Number two is Iran. Obama’s hope that he could begin a dialogue with Iran, expressed in his 20 March 2009 video message to the Iranian people, has proven to be naive. Tehran’s hostility to the US was largely unassuaged. Mahmoud Ahmadinejad won for a second time in the manipulated Iranian president poll of June 2009 and street protests were crushed. A year later, Obama backed new UN penalties against Iran for its failure to comply with resolutions about its nuclear programme. Since then, and mainly due to Israel’s threats of unilateral military action, America’s used nothing but threats and sanctions against Iran. So much for Obama’s overture to the Iranian people.

He has failed to be a peacemaker elsewhere in the region. In Iraq, the withdrawal of US troops completed at the end of last year, fulfilled a promise Obama made before he was elected, but in reality represented a continuation of a process begun by his predecessor. This has been offset by Obama’s decision to support military escalation and yet further avoidable death in Afghanistan. Obama’s claim to be a different type of president is further undermined by his failure to close the Guantanamo Bay detention camp as he said he would.

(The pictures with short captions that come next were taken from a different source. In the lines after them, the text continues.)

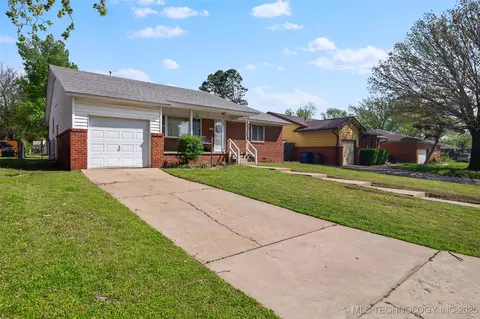 5765 E 29th St, Tulsa, OK 74114 photo 2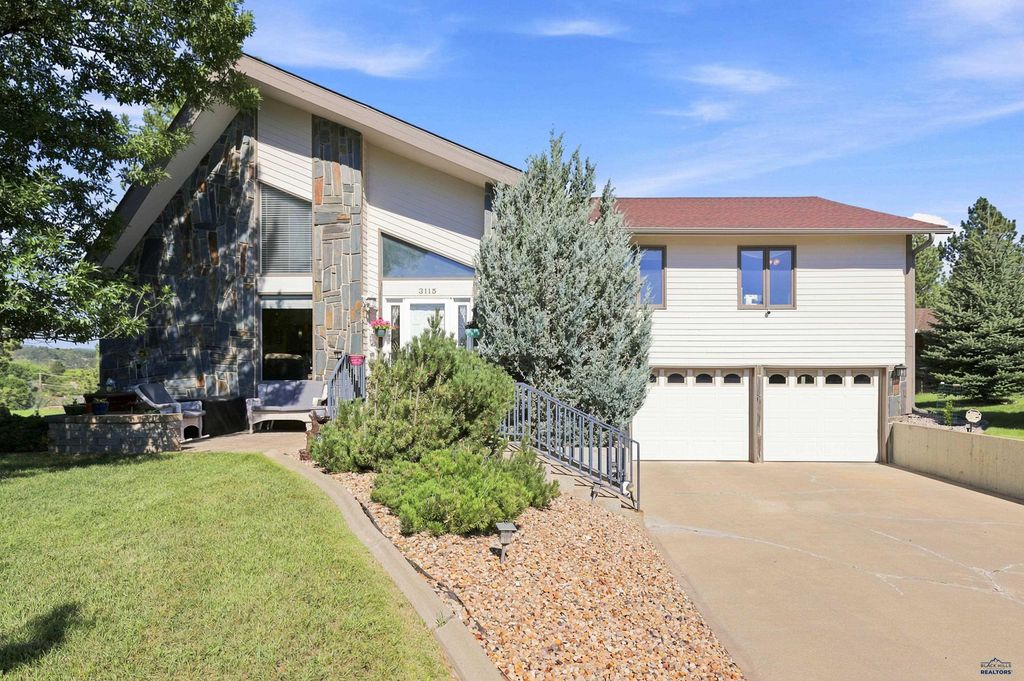 3115 HOGAN CT, Rapid City, SD 57702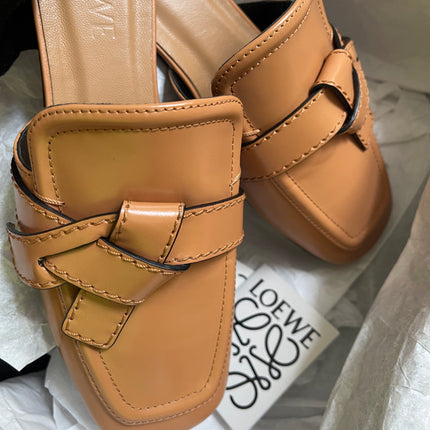 Loewe mule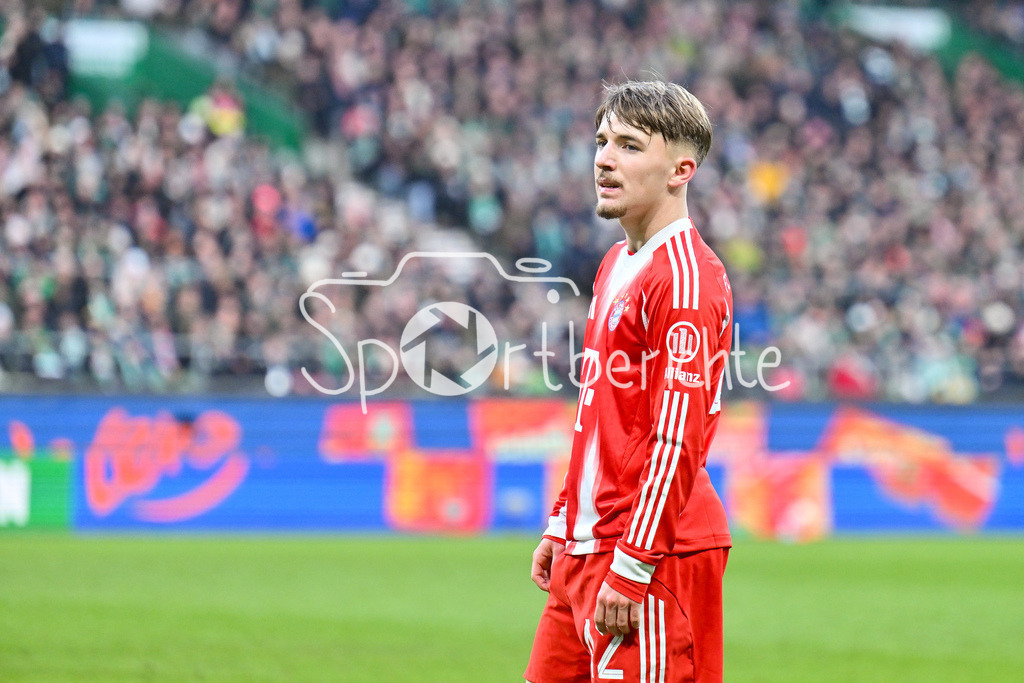 SV Werder Bremen - FC Bayern München | BREMEN, GERMANY - 14. FEBRUARY: im Bild Lennart KARL (FC Bayern Munich 42) / Einzelfoto / Freisteller während dem Bundesligamatch zwischen dem SV Werder Bremen und dem FC Bayern München am 22. Spieltag im Weserstadion / DFL REGULATIONS PROHIBIT ANY USE OF PHOTOGRAPHS AS IMAGE SEQUENCES AND/OR QUASI-VIDEO
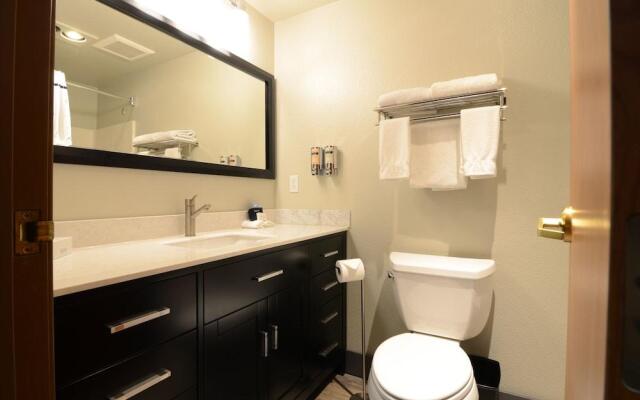 Wood River Inn & Suites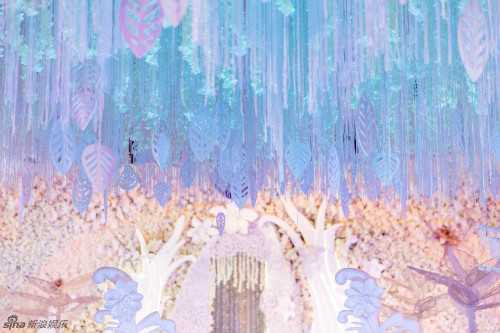 Lễ cưới khác lạ của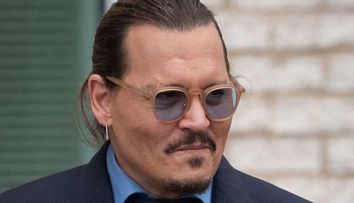 Johnny Depp, surprins cu o femeie misterioasă în Italia. Fanii au crezut că e noua iubită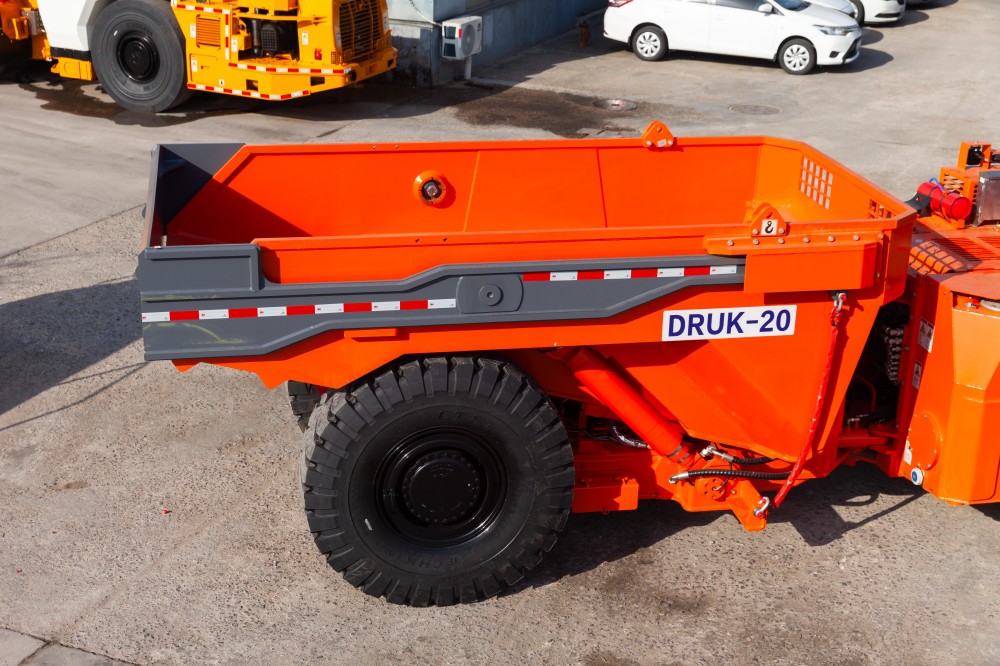 DRUK-20B Underground Dump Truck (17).jpg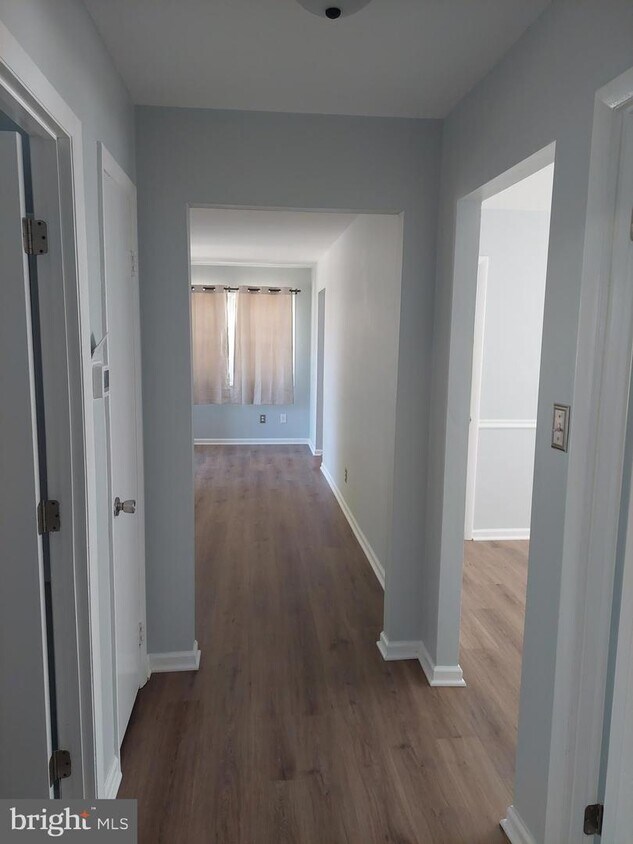 Foto principal - 6301 Den Lee Dr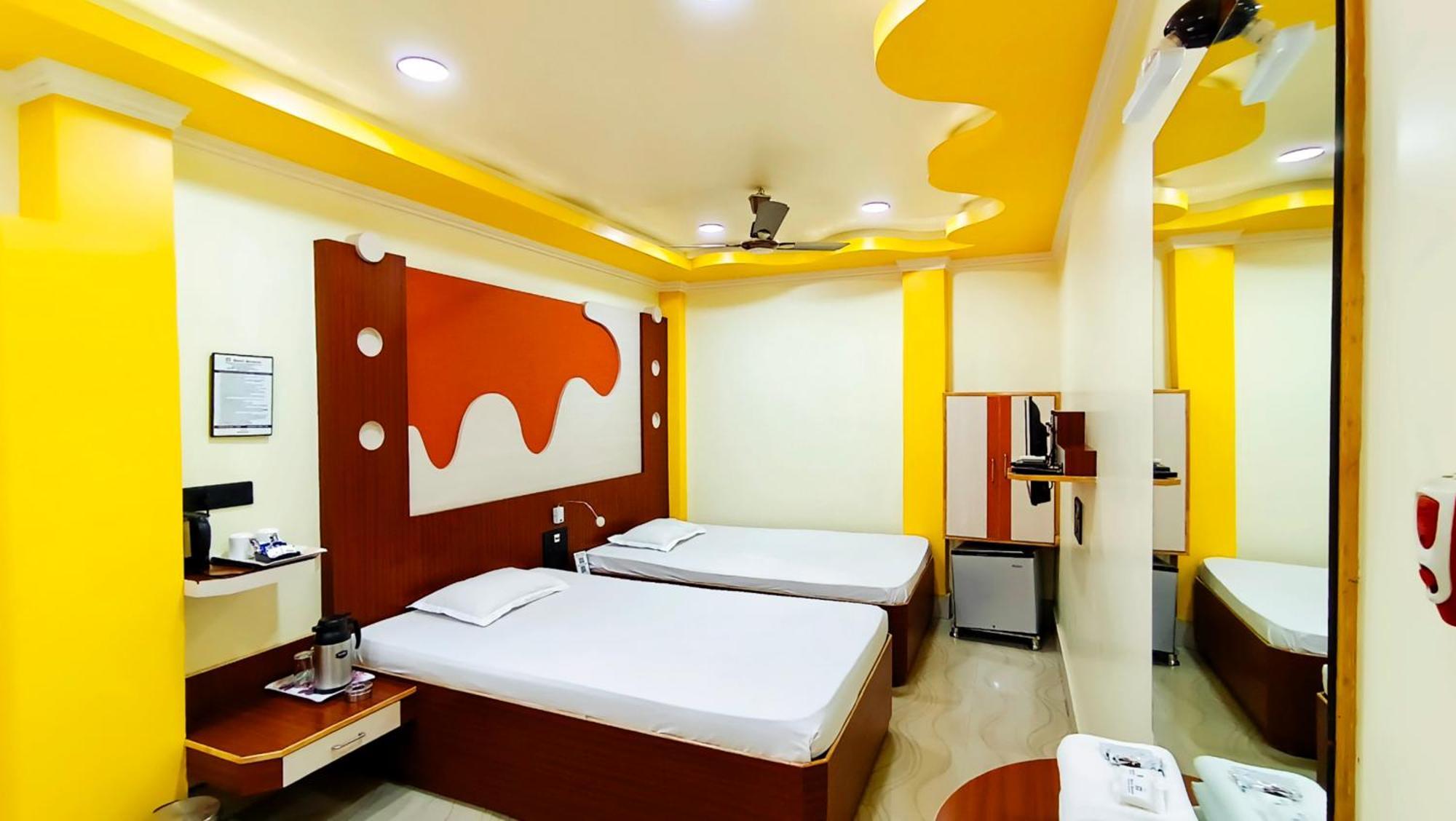Hotel Samrat Baharampur Ngoại thất bức ảnh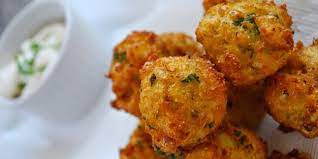 Setelah itu bakso aci pun bisa disajikan dengan menggunakan kuah, kecap manis dan juga saus sambal. Resep Bakso Aci Goreng Yang Bisa Anda Bikin Dirumah Sendiri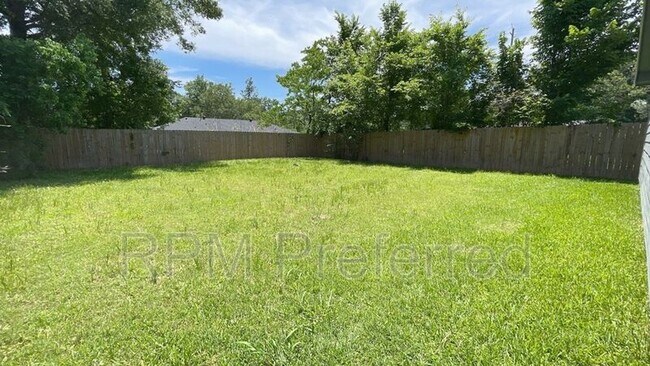 Building Photo - 8114 Record St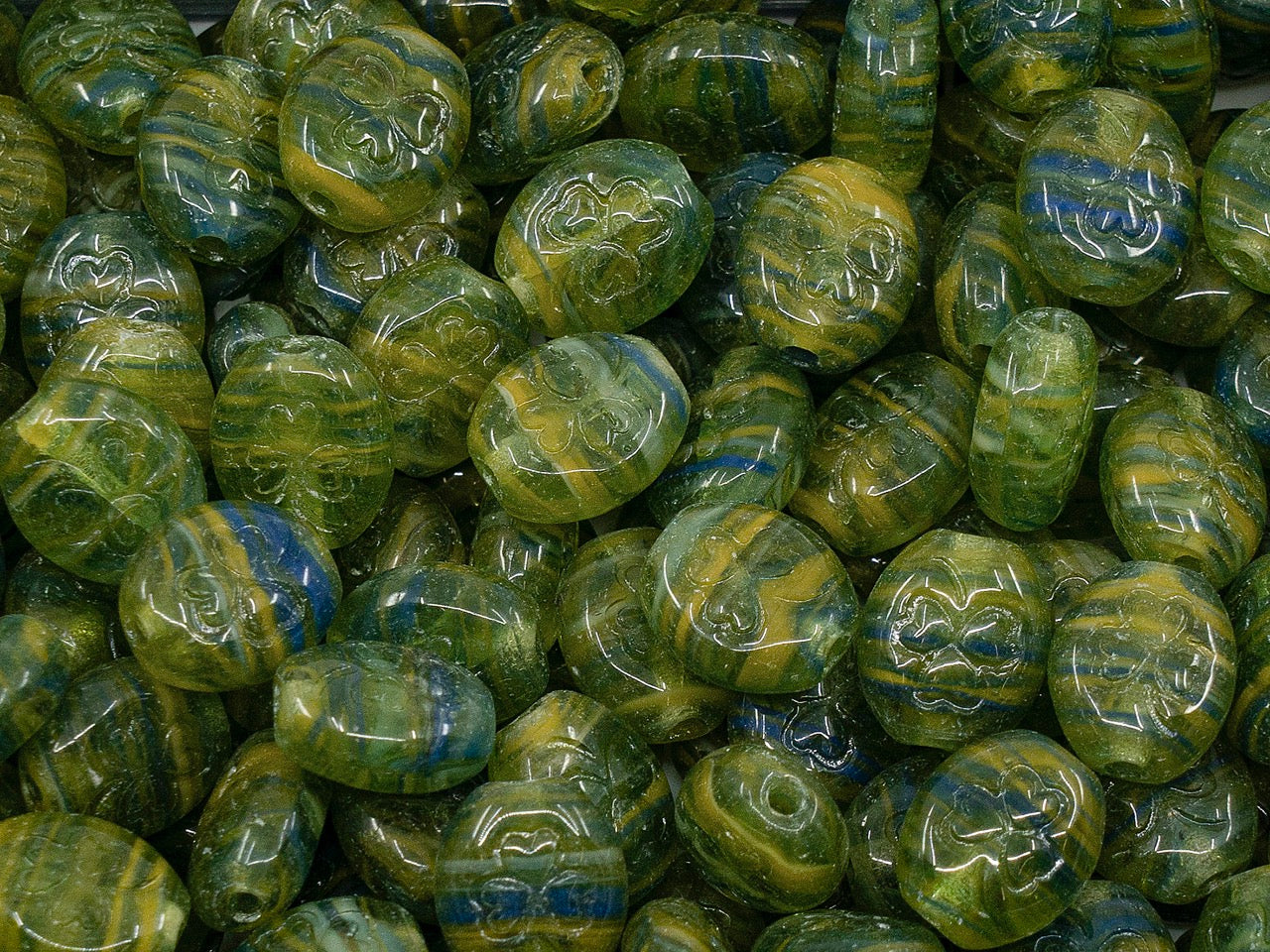 アウトレット シャムロック オーバルビーズ、10x8 mm、ガラス、チェコ共和国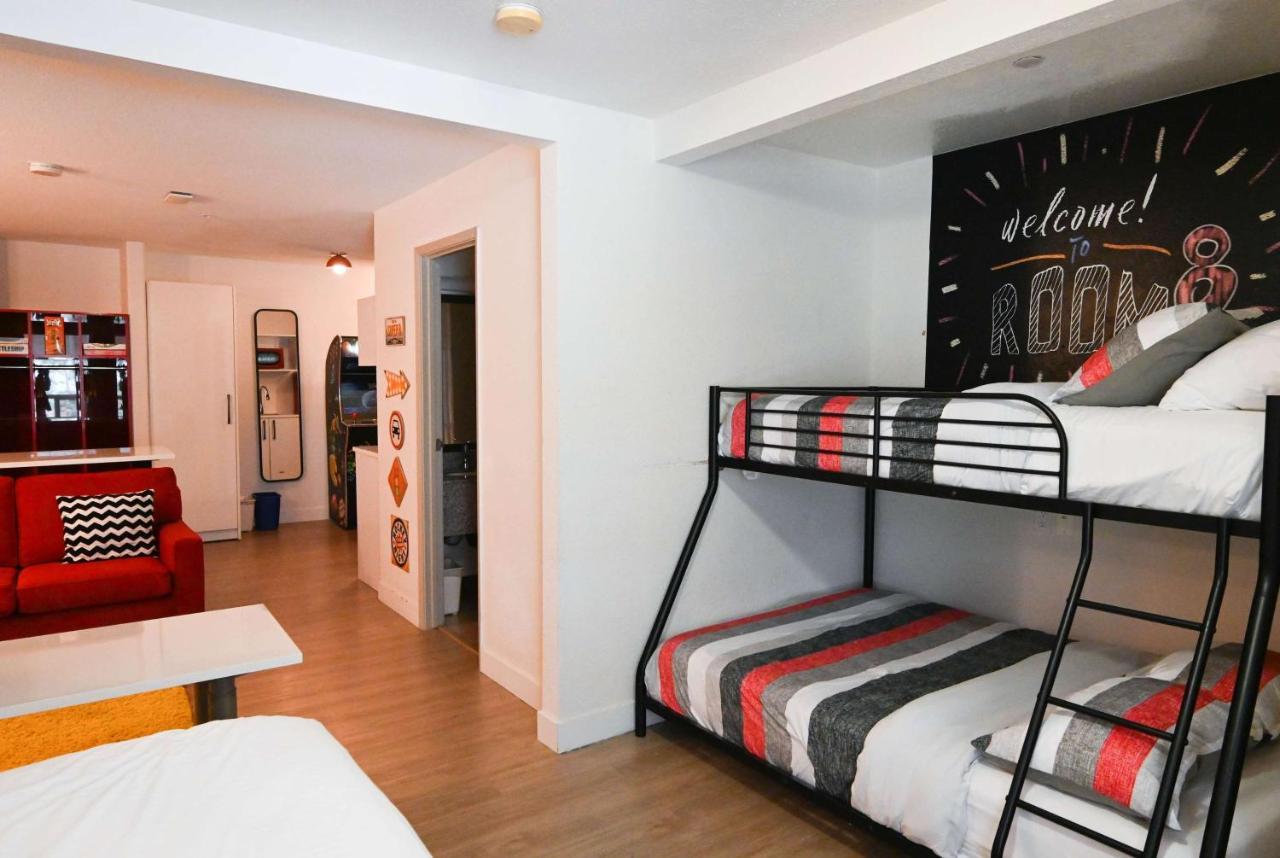 Super 8 By Wyndham Calgary Shawnessy Area Otel Dış mekan fotoğraf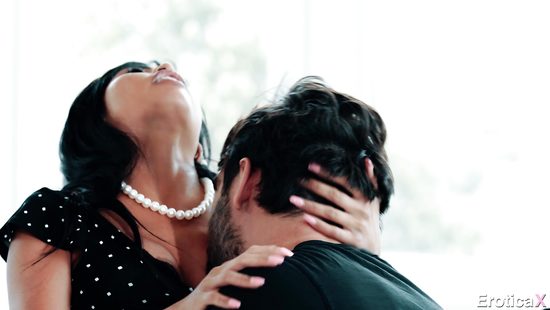 Вдова азиатка после похорон нашла успокоение с братом покойного мужа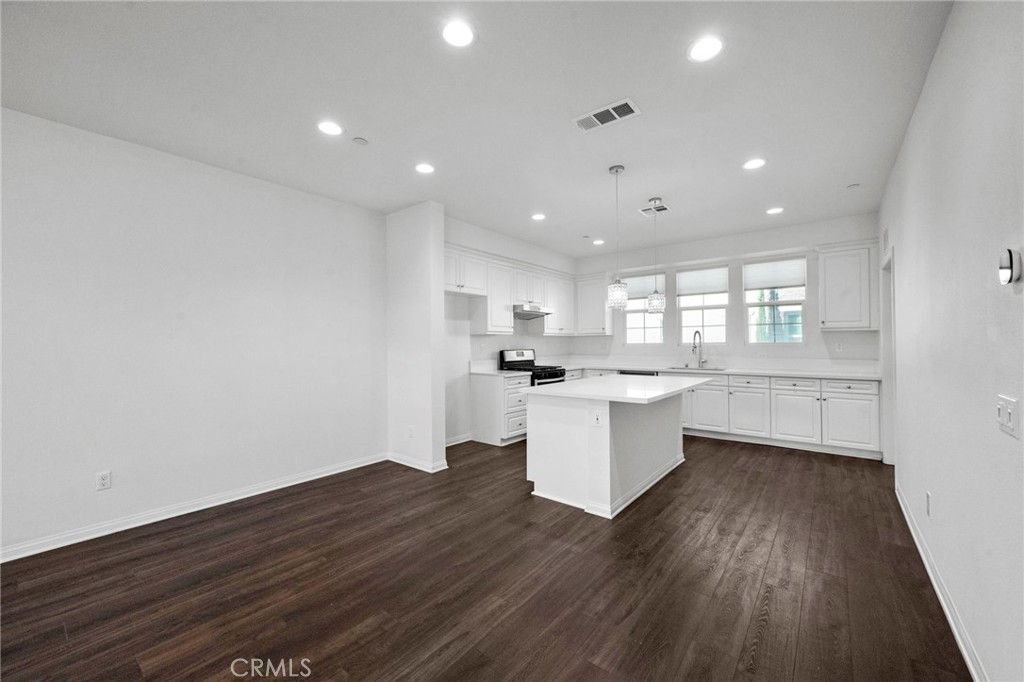 Magnolia Square - Residential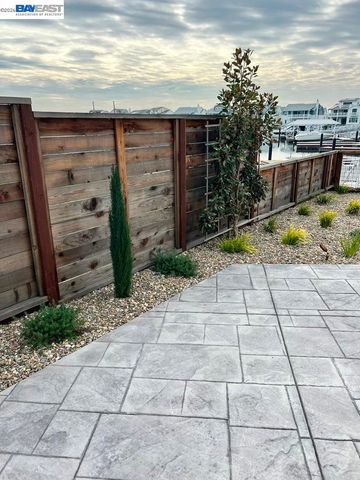 3125 Delta Coves Dr, Bethel Island, CA 94511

How’s the president’s Middle East democracy agenda developed? Reflecting his own instincts rather than considered policy, Obama backed Arab popular movements when they took to the streets last year. On 11 February, the president welcomed Hosni Mubarak’s decision to step down as Egyptian head of state in language that echoed speeches made in the 1960s by Dr Martin Luther King. But the Arab world’s not Alabama. And Obama had little more than words to offer the demonstrators.

Saudi Arabia, dismayed by America’s new unreliability, sent troops to help Bahrain suppress demonstrations in the kingdom and cracked down on internal dissent. America’s response was muted as it should have been from the start. As the world can see, instability in the Middle East almost always makes things worse.

America was nevertheless drawn into supporting the campaign to depose Libya’s leader Muammar Gaddafi, though its involvement was initially discreet. The incoherence of Washington’s Middle East policy was exposed when the White House refused to approve military action to protect US citizens targeted in an attack in Benghazi in September. The ambassador and three others died. Obama and his administration looked weak, made mistakes and sounded dishonest: this sentence could be applied to his Middle East policy generally.

The affair stripped the sheen off Obama’s single clear foreign policy success:  locating and killing Osama Binladin in Pakistan in May 2011. The operation outraged Pakistan, but allowed Obama to appear patriotic and decisive.

Obama’s been a Middle East flop, though his problems with the Arab and Islamic world are a surprise only to those with no knowledge of the region. Obama wrongly raised expectations about matters over which the US even at its mightiest has failed to address.

It sets the stage for Mitt Romney, who, like Obama, is an unlikely potential president. A Mormon, son of a governor and Nixon cabinet-member, and wealthy, Romney is almost as unrepresentative of contemporary America as his rival. And like Obama, he’s a centrist with subliminal appeal to his party’s ideological base.

Romney is Israel’s uncritical fan; wants stronger US action in Syria and suggests he’s prepared to attack Iran’s nuclear facilities. This is different to Obama, but not by much.

People who suggest his administration will be like that of President Bush II or even President Bush I, have got it wrong. Pre-emption and state-building, the defining impulse of Bush II, is unaffordably risky and won’t be tried. Romney’s got neither the appetite not the capability to launch grand initiatives like Bush I’s coalition to drive Iraq from Kuwait and the Madrid peace process. It’s true that most of his foreign policy team served the last Republican in the White House. But America’s economy and psychology has changed radically since 2000. More war in the Middle East is too expensive. Middle East initiatives are too complicated and the average American, to the extent he or she thinks about them, believes they don’t work.

President Romney, if that is what next week’s poll produces, will therefore try to ignore the region and its turmoil. He will focus on domestic issues, principally the federal budget and the economy.

But will the Middle East ignore Romney? We all know the answer to that one.